Au terme de la création est apparu l’œuf de sagesse. En son cœur, la vie s’ébranle et prend forme. Kurma – la jeune tortue – brise sa coquille et émerge face au jour naissant, vaillante et intrépide. En son plastron, elle est médiane du ciel et de la terre ; sa carapace soutient le monde et renferme les sens.
Kurma, comme propulsée par sa destinée, s’élance vers l’immensité de l’océan. Elle brave les dangers terrestres avant de trouver refuge dans les premières vagues. Juste sous la surface de l’eau, à la lisière du visible et de l’invisible, Kurma se meut, d’une détermination paisible et sûre, et explore l’horizon qui s’étend sous la mer. En brasse large et régulière, elle traverse les périls et les turbulences de l’existence.
Puis plongeant vers le fond, Kurma disparaît dans les eaux troubles et vaseuses.
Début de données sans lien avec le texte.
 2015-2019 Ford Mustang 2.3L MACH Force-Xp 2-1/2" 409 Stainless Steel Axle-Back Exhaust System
C’est un autre monde, habité du grondement sourd et millénaire des entrailles de la mer. Kurma se retire, comme en suspension, dans la fraîcheur des profondeurs, et sonde les formes qui apparaissent en clair-obscur : les aspirations vives et bigarrées ; les angoisses larvées, le sifflet de la mort, les appétits rôdants et gémissants… Elle distingue aussi la lueur qui apporte sa compréhension, éclaire et élève l’esprit . Alors Kurma se redresse et pique vers la surface, nimbée de force et du halo de sa prescience.
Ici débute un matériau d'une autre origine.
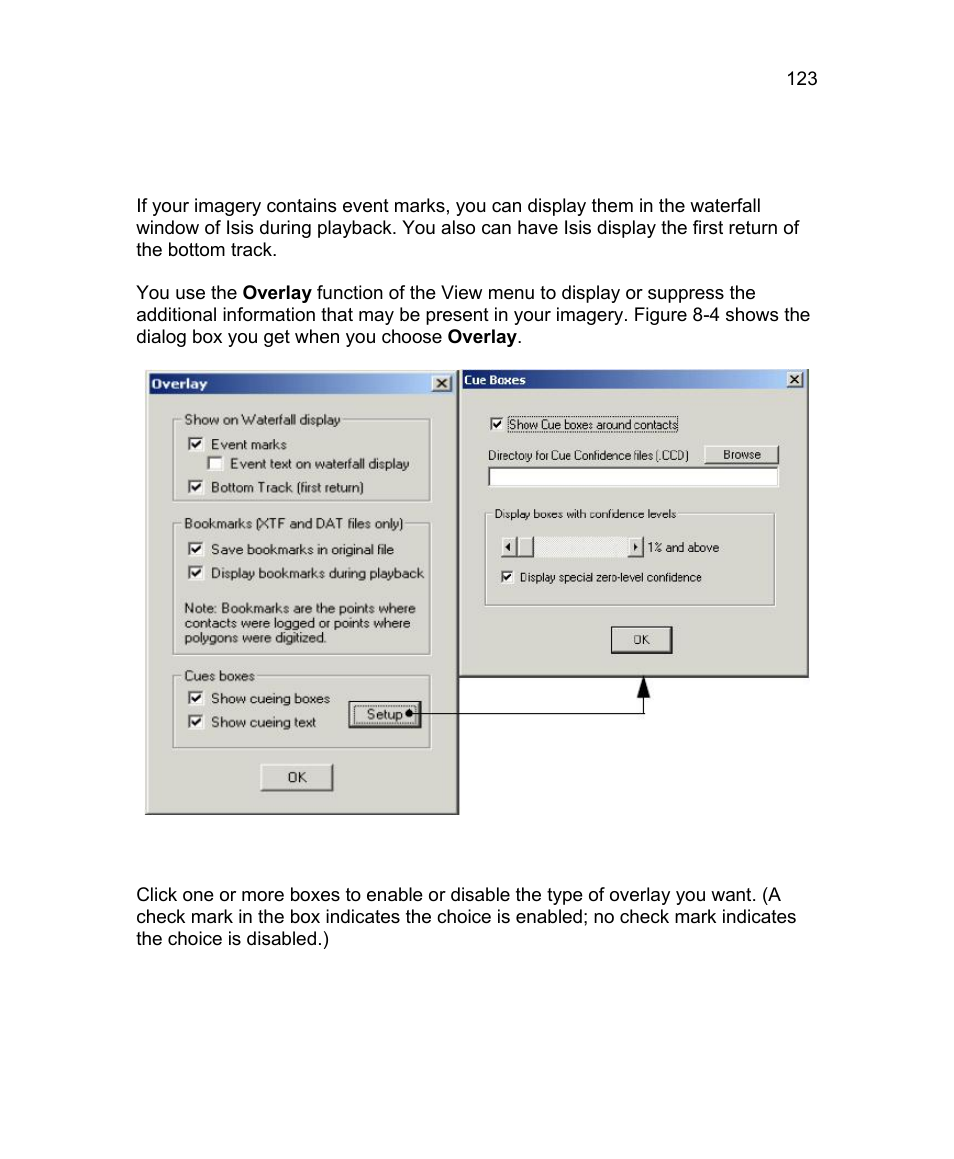 3 overlay | Triton Isis User Manual | Page 137 / 310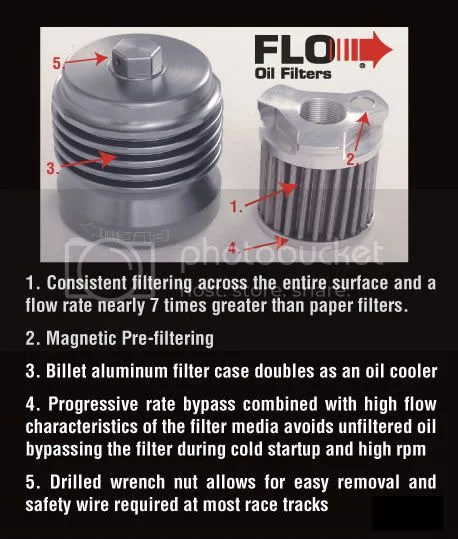 Billet Oil Filter / Oil Cooler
Elle reprend sa nage, comme une envolée paisible et inexorable, toujours plus avant. À sa guise, elle pénètre de temps à autre les abîmes, explore les mille possibilités qui miroitent leur conscience sur son passage. Dans cette existence en voyage, tout se crée et s’illumine d’instant en instant, infiniment… Kurma s’imbibe d’éternité, sage de sa lumière intérieure.